Жаль, что у такого одаренного художника стоит на пути столь пустячное обстоятельство.

«Молитва перед ужином» г. Гольдштейна — производит довольно приятное впечатление. Хотя: 1) фигуры расставлены с излишней примитивностью. Две в профиль, две an-face. 2) Излюбленная г. Гольдштейном расплывчатость туманного колорита, в котором словно тают его персонажи — является чисто механическим средством скрыть погрешности рисунка, и злоупотребление этим средством, в конце концов, может показаться подозрительным. 3) Все лица безжизненны и кажутся окоченевшими.

Но, несмотря на все это, картина производит приятное впечатление.

Полотна г. Фефермана жизненны, правдивы и непритязательны.

Ну что ж, господа, будем прощаться с Левитаном.

И на прощание — я хочу покаяться перед вами.

Выставка этюдов, о которых я говорил в столь высоком стиле, — изобилует самыми слабыми и самыми неинтересными работами покойного художника.

Для характеристики его творчества по этим этюдам мне приходилось пристально выбирать среди пустоты и бесцветности — и потому у вас, может быть, получилось неверное впечатление, будто я восторгаюсь всей выставкой.

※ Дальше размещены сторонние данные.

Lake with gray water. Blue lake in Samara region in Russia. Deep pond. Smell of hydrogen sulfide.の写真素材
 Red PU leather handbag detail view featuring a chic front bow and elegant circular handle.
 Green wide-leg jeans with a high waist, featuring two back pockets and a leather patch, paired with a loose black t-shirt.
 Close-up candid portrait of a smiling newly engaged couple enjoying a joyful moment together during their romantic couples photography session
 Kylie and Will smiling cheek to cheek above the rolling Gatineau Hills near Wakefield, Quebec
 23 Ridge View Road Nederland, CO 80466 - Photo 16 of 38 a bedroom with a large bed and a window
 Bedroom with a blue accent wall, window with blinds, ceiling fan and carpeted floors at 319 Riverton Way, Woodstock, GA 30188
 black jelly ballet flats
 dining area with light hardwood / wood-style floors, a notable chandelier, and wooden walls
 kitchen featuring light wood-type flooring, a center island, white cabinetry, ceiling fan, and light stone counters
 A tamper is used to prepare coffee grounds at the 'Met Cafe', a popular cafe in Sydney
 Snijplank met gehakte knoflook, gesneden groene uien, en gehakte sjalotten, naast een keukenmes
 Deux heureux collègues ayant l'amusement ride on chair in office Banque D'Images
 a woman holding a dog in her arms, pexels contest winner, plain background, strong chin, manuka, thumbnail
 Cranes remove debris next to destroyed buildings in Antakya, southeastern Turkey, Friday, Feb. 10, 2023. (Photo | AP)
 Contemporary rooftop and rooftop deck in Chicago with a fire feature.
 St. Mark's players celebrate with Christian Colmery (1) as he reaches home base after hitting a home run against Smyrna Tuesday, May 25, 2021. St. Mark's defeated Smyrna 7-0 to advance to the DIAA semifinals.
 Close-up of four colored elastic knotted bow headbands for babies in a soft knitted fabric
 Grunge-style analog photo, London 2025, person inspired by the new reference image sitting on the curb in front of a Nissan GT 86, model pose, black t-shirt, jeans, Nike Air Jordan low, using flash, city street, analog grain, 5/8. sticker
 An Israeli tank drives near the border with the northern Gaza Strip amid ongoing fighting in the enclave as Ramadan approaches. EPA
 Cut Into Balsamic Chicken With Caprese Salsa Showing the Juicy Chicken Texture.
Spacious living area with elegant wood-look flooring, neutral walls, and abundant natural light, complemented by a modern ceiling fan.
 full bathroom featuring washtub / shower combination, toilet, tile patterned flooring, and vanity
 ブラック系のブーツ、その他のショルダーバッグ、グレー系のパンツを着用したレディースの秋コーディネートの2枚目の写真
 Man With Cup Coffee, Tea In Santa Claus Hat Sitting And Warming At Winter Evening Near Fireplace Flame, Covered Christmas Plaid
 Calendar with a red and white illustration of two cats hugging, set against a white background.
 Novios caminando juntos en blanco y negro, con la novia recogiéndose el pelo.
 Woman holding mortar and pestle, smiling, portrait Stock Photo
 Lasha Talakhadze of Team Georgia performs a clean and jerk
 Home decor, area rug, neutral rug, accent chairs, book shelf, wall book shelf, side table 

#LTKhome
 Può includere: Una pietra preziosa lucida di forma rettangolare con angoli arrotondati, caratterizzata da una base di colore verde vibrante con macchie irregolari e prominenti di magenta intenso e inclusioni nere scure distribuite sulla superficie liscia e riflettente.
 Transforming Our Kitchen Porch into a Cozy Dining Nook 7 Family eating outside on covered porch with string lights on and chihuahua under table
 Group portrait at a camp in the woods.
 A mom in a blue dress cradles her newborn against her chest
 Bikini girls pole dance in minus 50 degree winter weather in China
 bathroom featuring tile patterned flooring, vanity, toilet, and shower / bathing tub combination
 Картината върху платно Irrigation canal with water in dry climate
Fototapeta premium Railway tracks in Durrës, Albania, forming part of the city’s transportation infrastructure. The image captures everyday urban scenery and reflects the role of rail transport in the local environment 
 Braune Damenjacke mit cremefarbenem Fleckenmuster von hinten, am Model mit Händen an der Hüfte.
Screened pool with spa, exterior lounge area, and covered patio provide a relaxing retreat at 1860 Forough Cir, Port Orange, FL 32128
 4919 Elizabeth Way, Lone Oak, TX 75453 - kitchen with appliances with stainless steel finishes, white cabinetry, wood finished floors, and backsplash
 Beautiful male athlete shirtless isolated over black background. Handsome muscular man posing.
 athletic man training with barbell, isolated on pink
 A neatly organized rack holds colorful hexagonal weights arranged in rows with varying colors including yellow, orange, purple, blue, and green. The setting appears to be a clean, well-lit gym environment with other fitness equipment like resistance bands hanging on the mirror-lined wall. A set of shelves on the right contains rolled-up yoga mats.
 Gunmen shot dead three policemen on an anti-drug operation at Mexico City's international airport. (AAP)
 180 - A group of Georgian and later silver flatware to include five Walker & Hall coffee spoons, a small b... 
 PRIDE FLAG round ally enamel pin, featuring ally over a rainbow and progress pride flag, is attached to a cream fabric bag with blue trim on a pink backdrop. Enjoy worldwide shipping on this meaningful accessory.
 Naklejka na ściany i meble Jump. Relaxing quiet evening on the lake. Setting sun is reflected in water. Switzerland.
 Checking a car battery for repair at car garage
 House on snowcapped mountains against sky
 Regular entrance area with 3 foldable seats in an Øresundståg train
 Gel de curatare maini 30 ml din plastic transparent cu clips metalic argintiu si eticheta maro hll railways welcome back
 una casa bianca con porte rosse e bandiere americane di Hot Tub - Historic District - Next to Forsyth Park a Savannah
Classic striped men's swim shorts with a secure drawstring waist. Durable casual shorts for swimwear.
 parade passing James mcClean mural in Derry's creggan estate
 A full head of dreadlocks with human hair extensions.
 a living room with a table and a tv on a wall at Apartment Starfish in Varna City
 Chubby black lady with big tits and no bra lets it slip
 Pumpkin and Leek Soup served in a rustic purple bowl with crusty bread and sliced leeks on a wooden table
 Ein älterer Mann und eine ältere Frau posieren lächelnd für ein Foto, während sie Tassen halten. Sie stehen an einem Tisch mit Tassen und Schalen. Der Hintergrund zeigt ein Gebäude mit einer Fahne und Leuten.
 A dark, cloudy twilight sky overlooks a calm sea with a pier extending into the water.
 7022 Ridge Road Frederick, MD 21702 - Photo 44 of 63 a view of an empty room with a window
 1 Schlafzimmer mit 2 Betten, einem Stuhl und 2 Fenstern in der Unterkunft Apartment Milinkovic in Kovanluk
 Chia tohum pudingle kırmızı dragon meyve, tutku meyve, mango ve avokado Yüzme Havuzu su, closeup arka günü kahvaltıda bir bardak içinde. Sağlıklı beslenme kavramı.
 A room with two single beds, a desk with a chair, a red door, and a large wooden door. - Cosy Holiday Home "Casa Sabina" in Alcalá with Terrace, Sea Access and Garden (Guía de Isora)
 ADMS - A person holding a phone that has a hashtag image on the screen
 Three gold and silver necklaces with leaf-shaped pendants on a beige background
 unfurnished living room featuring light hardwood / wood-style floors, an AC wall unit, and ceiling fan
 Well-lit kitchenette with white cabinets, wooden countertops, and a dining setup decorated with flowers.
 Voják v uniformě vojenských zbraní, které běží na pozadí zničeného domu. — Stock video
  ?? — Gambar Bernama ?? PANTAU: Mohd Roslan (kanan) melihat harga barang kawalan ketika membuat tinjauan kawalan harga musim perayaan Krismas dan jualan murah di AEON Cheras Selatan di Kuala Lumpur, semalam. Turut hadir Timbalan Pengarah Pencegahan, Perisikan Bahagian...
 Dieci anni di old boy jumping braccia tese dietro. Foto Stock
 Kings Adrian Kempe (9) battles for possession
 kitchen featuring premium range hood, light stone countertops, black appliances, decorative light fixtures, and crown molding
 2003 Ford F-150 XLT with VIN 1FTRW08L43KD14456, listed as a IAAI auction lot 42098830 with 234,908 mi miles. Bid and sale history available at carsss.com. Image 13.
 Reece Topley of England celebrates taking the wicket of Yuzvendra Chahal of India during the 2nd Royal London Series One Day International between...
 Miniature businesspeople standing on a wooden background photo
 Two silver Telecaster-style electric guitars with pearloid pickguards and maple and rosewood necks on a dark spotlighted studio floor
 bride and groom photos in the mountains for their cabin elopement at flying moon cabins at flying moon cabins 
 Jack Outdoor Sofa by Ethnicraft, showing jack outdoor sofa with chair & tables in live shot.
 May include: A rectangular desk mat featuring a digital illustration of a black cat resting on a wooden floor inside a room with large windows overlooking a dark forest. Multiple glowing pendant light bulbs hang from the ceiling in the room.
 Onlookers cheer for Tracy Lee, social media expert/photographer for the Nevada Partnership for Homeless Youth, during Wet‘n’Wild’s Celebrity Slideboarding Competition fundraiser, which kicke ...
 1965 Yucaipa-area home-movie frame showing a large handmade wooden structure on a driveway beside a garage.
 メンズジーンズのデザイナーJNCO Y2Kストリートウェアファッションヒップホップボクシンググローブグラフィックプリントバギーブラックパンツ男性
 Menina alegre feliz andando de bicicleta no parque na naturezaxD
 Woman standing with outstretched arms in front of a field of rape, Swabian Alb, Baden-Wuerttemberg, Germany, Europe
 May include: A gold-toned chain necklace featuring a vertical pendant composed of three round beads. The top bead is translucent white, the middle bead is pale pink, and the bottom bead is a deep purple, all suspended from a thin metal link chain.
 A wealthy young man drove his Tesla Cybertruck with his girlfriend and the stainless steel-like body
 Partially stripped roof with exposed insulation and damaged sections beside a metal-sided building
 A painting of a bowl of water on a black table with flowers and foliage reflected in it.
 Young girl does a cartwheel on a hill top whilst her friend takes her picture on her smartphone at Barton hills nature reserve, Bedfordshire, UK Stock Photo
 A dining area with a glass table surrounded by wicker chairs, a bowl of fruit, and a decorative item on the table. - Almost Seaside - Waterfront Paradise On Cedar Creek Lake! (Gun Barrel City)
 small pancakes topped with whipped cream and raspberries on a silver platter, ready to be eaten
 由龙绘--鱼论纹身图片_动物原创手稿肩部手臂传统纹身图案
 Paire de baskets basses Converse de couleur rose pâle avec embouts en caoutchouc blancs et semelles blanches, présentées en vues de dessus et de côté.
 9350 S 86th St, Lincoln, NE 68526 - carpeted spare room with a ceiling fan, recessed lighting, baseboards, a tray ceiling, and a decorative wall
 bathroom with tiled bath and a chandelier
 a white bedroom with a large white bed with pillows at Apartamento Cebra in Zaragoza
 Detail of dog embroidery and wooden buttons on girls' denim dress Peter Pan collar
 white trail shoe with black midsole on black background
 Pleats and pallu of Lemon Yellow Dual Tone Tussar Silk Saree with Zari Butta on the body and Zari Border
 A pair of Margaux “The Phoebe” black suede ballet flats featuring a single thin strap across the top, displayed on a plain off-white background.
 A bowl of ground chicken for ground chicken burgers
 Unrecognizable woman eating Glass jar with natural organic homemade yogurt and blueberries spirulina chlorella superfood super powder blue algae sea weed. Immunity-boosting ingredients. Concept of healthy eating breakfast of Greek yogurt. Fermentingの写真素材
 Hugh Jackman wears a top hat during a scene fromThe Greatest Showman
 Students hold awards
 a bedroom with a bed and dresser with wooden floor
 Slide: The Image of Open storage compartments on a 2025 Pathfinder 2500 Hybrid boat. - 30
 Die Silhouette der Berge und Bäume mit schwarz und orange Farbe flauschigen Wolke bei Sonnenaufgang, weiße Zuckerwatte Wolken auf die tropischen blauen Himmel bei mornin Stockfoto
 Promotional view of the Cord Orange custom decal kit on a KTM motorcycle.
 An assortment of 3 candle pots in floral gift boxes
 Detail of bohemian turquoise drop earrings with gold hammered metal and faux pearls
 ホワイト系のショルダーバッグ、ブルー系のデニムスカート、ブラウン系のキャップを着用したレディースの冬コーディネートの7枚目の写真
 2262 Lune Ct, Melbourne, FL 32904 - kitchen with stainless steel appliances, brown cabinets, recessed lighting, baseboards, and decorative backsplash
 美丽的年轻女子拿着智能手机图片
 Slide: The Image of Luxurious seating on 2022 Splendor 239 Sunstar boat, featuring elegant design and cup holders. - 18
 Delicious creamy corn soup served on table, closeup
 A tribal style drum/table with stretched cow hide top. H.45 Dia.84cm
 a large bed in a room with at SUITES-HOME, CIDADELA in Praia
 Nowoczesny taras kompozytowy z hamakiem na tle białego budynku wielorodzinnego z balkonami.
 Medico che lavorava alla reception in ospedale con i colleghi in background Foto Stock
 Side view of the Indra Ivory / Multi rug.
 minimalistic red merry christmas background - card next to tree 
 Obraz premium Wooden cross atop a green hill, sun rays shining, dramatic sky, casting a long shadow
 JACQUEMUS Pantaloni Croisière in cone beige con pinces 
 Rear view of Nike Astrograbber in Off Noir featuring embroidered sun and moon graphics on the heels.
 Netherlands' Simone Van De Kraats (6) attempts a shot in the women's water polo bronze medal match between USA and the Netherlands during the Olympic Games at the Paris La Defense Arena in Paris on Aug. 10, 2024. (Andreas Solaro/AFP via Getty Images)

Напрасно. Я прекрасно понимаю, что «Лес в снегу» (№ 126) сух, жесток и не по-левитановски скучен. Что комбинация деревьев неприятна и неестественна. Что «Сад графа Шереметьева» (№ 4), весь занятый неинтересным, однотонным, громоздким зданием, — способен даже вызвать кой-какие подозрения насчет истинного автора этого этюда. Что № 5 — ученически написанное nature-morte. Что № 79 — стоит ниже критики даже с технической стороны. Что безыменная картина, о которой сказано только, что она принадлежит г. Рейнгерцу, написана в совершенно несвойственном Левитану духе: излишне резко, излишне отчетливо, даже грубо. Что этюд № 110, как и масса других, — есть не более, как проба красочных отношений, проба известных технических приемов, — и ничего общего с левитановыми настроениями, конечно, не имеет.

Об этих настроениях распространяться снова не буду, тем более, что сегодня вам предоставлена возможность выслушать на этот счет лекцию одного из знатоков левитановского творчества.

Теперь на расставании мне остается указать гвоздь выставки.

Это, несомненно, «Этюд № 88».

Что в нем? Бог его знает! Небо и земля. В небе стоят неподвижные однообразные облака. Чувствуется, что долго будут они торчать там, долго не пробегут, не разразятся дождем, — ненужные, бессмысленные. Их скучная череда резко прерывается ровной надоедливой полосой горизонта.

Безмерная, необъятная ширь! Но отчего же не захватывает она, отчего не зовет, не опьяняет, отчего сердце сжимается ощущением чего-то постылого, скудного, Богом покинутого? Отчего мягкий, задумчивый, нежный колорит — не успокаивает, не примиряет, не укрощает расходившуюся тоску? Отчего спокойствие художника так угнетает нас своим ужасом? Отчего?

Корней Чуковский

Одесские новости, № 5902 / 1 марта 1903 г.